· His employment contract is for 5 years.
· His base salary is US$1,250,000 pa, to be reviewed annually
· His on-target annual bonus is 150% of his base salary ($1,875,000) with a maximum of 300% of base salary ($3,750,000).
· Grant of Long Term Stock Options for shares with a value equivalent to 280% of his base salary. This means that for the year beginning 1 April 2012 (CSC’s FY2013) the value of the shares covered by the option agreement will be $3,500,000.
· Grant of Performance Share Units with a value equivalent to 420% of his base salary. Thus for FY2013 the value of the shares covered by the Performance Share Units agreement will be $5,250,000.
· Grant of Time Vesting Inducement Restricted Stock Options (ie “Golden Hello part 1 ”) of 200,000 shares vesting evenly over 4 years. At a current price of $30 per share the value of the shares covered by this agreement would be $6,000,000.
· Grant of Performance Vesting Inducement Restricted Stock Options (ie “Golden Hello part 2 “) of up to 200,000 shares. These options will vest based upon the increase in CSC’s share price over the coming 5 years. The maximum award would vest in the event of a share price increase of 80% over its current price. With a current price of $30 per share the value of the shares covered by this agreement would be up to $6,000,000.

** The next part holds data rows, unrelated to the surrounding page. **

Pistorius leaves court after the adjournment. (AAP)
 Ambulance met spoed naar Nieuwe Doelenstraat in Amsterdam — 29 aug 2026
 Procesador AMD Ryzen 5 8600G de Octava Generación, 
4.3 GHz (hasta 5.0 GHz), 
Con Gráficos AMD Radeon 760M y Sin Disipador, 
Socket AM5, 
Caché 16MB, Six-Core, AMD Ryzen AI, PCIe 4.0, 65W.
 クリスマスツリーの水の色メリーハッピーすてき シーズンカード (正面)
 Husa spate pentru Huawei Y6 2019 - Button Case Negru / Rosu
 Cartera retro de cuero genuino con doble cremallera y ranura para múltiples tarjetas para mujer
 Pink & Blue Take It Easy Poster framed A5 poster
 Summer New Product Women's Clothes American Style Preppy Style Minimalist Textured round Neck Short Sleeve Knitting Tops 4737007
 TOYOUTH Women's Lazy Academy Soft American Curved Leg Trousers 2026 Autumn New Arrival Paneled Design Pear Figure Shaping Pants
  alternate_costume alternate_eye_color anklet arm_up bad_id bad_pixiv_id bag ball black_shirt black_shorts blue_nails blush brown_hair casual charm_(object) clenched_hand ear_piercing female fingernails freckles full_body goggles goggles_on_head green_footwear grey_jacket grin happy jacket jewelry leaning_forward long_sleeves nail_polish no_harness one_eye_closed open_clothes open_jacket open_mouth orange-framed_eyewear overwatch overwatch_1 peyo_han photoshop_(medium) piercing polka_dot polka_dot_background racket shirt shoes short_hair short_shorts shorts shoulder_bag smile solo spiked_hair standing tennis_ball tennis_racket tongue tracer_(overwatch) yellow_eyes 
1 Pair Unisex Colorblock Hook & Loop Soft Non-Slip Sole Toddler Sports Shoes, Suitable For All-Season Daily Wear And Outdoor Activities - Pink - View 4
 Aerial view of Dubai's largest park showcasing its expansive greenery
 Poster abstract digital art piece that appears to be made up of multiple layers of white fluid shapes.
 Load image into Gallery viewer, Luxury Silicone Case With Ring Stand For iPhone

· An annual grant of an unspecified number of Career Shares,
· Benefit Programs such as pension and other perks.
· Various provisions regarding termination of employment, change of control of CSC , confidentiality agreements, indemnification in case of litigation or claims against him in his role as CEO of CSC etc.
It is a rich package. However, Mike Lawrie is taking on the challenge of turning round CSC from the road to oblivion that Mike Laphen has driven it down. If Lawrie succeeds, his compensation and rewards will be good value for both shareholders and employees.
The Board of Directors who have selected Mike Lawrie as CEO and approved this compensation package also selected Mike Laphen as CEO and then designed his compensation package. Laphen’s failure as CEO was foreseeable in view of his management style. His compensation package was flawed in that he earned significant “performance awards” in bonus and stock options despite major shortfalls against targets. This led to his earning $15.5million in FY2010 and $12.5million in FY2011 while investors lost money and employees lost their jobs. More details are in our blog posting of 30 June 2011 “CSC’s idea of pay for performance“.
We trust the CSC Board of Directors has learned the lessons of their errors regarding Mike Laphen. We hope they will ensure Mike Lawrie is well compensated for success, but there will no longer be massive rewards for CEO failure.